Many small-business owners who have been turned down for a Small Business Administration-backed loan from a local bank may think they’ve been disqualified from the SBA program. That is not the case.
Business owners need to remember that the SBA is not the actual lender. Consider the SBA like an insurance policy or a government guarantee that bank and lenders use in case a loan goes bad. With SBA backing, the banks and lenders are guaranteed a percentage of the loan. Because of this, the SBA has developed its SBA Standard Operating Procedure (SOP) for banks and lenders to use as guidelines in order to exercise the SBA guarantee for loans.

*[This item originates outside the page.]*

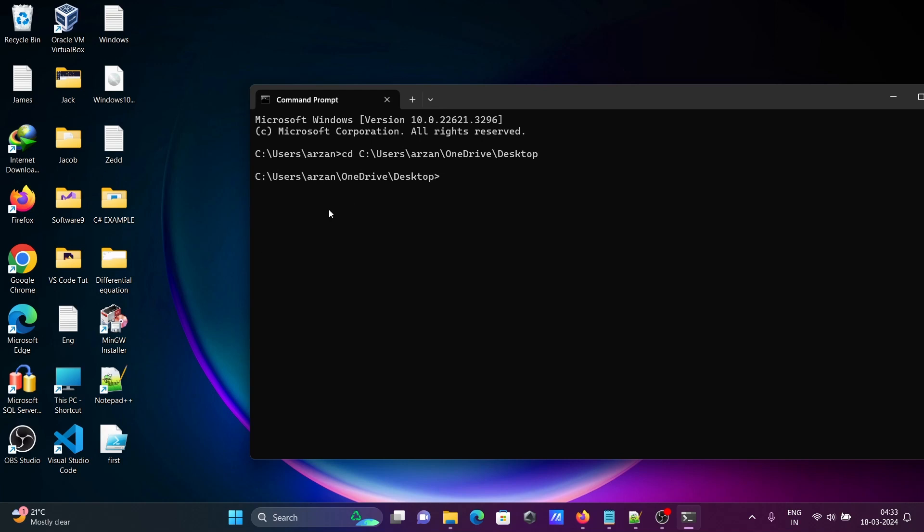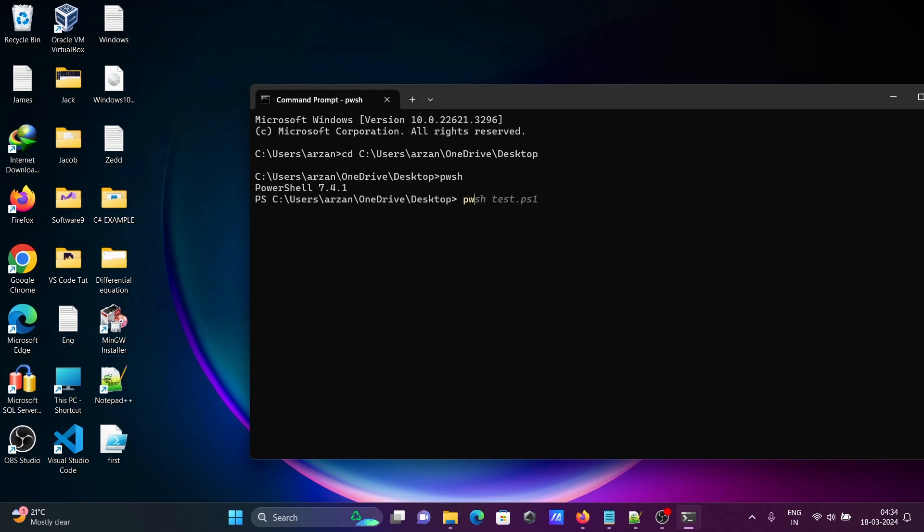You can see currently working on the desktop directory. In desktop there is the first PowerShell file. Now writing here pwsh. With the help of pwsh you can see PowerShell 7.4.1 is installed. After that, write pwsh then give the file name first.ps1. If you press enter...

So when you approach a lender with your unique loan, the lender will base its decision on its credit policy and appetite for risk, as well as how it interprets the SOP. One would think that because there are so many rules and regulations, there would be uniform consistency in which loans get through and which do not. The truth, however, is that this answer is often not so clear. Some banks and lenders interpret the SOP in different ways, and herein lies some of the confusion.
It’s so easy for a small-business owner to think that what one lender says is in fact black and white across the board and assume it to be SBA policy. Borrowers should not take a blanket “no” from one SBA lender as a rejection. The SBA offers incredible benefits to borrowers. You just might have to kiss a few frogs before you meet your prince.